Catholic Charities Diocese of San Diego has been serving the community for more than 95 years! It was first established in 1919 and because of its downtown location, a large proportion of those served by the food pantry are single-person households, homeless individuals, and seniors; but they welcome anyone who needs help putting food on the table.
Their unique and innovative food pantry services include a choice menu system and an “intake system” that calculates the caloric intake for each household, so every food selection is tailored to the client’s nutritional needs. The food pantry’s staff pre-screens clients for CalFresh eligibility and provide application assistance for those who qualify.
Catholic Charities – Downtown is planning to expand their current services within the next three to five years that will include:
- improving upon their healthy inventory
- making fresh produce available five days a week instead of just three days a week
- providing more nutrition education
- eliminating food items with a high sugar content including candy
Lisa DuMolt, Food Resource Centers Operations Manager, spent 26 years in the military working with logistics and chemical weapons and now manages food center operations.

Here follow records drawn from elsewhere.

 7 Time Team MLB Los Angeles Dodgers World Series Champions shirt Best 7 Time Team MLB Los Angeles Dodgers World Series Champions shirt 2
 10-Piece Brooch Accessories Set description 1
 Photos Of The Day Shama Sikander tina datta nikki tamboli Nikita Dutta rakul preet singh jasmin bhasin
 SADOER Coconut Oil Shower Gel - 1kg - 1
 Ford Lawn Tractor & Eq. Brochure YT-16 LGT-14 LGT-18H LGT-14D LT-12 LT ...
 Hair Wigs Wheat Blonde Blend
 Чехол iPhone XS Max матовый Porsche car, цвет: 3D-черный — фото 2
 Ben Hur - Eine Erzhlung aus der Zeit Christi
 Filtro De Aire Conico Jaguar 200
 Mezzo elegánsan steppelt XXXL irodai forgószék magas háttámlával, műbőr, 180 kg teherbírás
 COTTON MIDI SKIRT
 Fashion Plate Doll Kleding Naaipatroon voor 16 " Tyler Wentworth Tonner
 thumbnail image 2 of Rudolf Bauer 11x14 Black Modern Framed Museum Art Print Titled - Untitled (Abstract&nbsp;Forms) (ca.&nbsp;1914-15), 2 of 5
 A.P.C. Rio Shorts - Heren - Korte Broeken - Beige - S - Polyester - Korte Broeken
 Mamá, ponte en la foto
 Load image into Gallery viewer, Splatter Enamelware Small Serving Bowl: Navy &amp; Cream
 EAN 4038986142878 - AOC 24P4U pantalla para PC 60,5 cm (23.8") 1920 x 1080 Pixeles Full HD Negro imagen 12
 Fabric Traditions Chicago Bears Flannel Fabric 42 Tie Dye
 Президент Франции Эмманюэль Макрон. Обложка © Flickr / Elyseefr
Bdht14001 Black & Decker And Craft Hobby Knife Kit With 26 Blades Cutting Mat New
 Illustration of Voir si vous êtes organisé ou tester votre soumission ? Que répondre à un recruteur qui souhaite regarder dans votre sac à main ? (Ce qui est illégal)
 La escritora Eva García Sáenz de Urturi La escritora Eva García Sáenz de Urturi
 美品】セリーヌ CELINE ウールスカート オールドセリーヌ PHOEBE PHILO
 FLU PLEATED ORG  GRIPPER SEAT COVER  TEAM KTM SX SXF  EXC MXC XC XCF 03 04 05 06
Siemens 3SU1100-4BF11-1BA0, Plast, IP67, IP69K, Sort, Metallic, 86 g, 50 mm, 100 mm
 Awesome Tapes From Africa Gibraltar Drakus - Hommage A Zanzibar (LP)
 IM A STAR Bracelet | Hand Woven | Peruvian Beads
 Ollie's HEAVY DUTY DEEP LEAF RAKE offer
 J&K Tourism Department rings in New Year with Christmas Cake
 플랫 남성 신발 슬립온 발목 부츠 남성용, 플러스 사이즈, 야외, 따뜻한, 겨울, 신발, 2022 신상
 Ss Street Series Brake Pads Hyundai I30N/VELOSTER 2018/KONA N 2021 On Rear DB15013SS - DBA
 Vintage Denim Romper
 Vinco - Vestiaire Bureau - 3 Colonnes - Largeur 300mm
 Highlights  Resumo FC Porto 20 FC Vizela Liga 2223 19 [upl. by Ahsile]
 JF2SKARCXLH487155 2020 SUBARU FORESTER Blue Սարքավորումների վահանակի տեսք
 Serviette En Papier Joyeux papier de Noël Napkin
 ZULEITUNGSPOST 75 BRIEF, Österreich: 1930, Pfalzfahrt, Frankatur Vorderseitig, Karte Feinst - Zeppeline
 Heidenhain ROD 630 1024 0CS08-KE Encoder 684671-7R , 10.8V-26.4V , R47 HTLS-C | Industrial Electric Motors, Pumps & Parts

“This is one of the most fulfilling experiences I have ever had. It is nice to be able to provide a service that people appreciate so much, and I have met the most extraordinary people. From volunteers to the people we serve I have never met more courageous, intelligent, people with such a sense of humor. Their stories of personal courage are incredible to be a part of,” said DuMolt.
Catholic Charities- Downtown was selected as June’s Nonprofit Partner of the Month, because their reports are always on time and their staff is very good at communicating any anticipated changes to their monthly allocations with the Food Bank staff. This food pantry is open five days a week. Catholic Charities is a part of an innovative group of downtown agencies, who coordinate food services to ensure that people who need food in that area have excess every, single day.
Agency Name: Catholic Charities Diocese of San Diego
Phone Number for People Seeking Services: (619) 231-2828 x102
Emergency Food Assistance Program Location: 359 Cedar Street San Diego, CA 92101
Emergency Food Assistance Program Hours: Monday-Friday 9:00 a.m. - noon & 1:00 p.m. – 4:00 p.m.*
Amount of Emergency Food Assistance Program Food Distributed in the Last Year Totaled: 210,518 pounds (equivalent to 164,467 meals) for people facing hunger in our community
*Please note: There is a sign-up for intake times at 8:00 a.m. and noon, which allows people the flexibility to set an appointment and leave to run errands. Space is limited to 40 households each.